= 2036 Danish Bible translation =

Danish translation of the Bible
The 2036 Danish Bible translation will be an authorised (by the Church of Denmark) translation of the Christian Bible into the Danish language.

== Background ==
Prior to the Danish Reformation, only a few biblical writings had been translated into Danish. The most extensive was the Gammeldansk Bibel written c. 1480 and translating the first 12 books of the Bible from the Latin Vulgate into Middle Danish. The translation was a difficult process resulting in a mix of literal translation and interpretation. During the 20th century, as modern Biblical criticism and biblical exegesis interpretations gained favor, new linguistic and archaeological understandings expanded the understanding of the original Hebrew and Greek sources. This resulted in a shift in translation philosophy and new Danish translations of the Old Testament in 1931 and New Testament in 1948. The latest edition in this tradition is the Church of Denmark's Danish Authorized Version of 1992 completed by the Danish Bible Society.

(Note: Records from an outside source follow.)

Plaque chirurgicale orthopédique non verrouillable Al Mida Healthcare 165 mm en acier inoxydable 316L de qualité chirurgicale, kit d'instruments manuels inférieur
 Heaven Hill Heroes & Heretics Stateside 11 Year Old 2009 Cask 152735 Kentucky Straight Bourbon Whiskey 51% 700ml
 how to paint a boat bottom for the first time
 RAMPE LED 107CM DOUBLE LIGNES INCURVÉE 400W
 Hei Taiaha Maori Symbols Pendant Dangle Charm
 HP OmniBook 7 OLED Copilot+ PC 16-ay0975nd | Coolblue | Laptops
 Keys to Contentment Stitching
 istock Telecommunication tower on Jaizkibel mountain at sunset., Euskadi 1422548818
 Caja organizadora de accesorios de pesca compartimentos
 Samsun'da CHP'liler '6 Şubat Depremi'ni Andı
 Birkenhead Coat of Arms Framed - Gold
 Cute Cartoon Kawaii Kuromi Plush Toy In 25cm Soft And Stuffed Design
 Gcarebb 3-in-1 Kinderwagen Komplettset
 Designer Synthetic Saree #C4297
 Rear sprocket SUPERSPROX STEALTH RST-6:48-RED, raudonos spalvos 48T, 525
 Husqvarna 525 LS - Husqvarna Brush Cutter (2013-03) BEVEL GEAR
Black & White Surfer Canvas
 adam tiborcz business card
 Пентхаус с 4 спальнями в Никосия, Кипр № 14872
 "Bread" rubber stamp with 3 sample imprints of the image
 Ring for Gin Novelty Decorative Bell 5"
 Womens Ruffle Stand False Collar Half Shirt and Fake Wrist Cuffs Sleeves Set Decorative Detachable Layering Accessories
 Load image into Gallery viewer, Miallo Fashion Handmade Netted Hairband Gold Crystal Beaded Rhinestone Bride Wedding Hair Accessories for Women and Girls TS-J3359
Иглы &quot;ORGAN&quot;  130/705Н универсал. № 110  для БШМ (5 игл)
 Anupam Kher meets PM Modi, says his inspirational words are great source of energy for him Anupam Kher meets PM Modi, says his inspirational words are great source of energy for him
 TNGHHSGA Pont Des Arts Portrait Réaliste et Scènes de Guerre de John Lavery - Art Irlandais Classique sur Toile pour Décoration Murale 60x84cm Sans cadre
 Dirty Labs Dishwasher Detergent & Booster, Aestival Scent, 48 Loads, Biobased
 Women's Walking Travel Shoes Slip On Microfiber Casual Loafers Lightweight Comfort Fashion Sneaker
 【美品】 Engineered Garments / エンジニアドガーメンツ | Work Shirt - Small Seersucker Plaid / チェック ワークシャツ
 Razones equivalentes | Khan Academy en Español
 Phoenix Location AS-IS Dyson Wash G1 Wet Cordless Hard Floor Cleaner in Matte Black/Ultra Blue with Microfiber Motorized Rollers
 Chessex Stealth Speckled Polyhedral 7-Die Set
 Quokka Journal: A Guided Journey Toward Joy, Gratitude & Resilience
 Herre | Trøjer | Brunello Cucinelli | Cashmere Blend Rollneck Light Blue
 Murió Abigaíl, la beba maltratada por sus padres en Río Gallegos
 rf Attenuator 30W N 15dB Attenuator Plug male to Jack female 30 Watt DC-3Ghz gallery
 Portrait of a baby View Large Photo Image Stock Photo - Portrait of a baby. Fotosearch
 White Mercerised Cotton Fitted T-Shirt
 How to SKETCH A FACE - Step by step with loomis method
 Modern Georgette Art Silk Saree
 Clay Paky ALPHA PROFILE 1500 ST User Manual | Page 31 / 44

The Danish Contemporary Bible 2020 was published in 2020, with more modern language in an attempt to appeal to young and secular readers. This version was also criticised.

== History ==
On 19 January 2023, the Danish Bible Society announced a "new and updated version" of the Bible to be published in 2036, stating that "the goal of the new version is for it to be written in updated language that is more relevant to the times." The work began "in earnest" in May 2024, when the Bible Society presented its two editorial staff members, one for each of the Old and New Testaments, as well as the principles for the new translation. Apart from theologians and linguists, the three fiction writers Anne-Cathrine Riebnitzsky, Rakel Haslund-Gjerrild and Ursula Andkjær Olsen were also among the staff. The general secretary of the Bible Society explained this by stating that the authors were "colossally good at Danish." The year 2036 corresponds to the 500th anniversary of the Protestant Reformation in Denmark (1517 in Germany). Mogens Müller published a book in 2024 entitled Tilløb til Bibelen 2036 about the different considerations involved in translating the Bible into Danish.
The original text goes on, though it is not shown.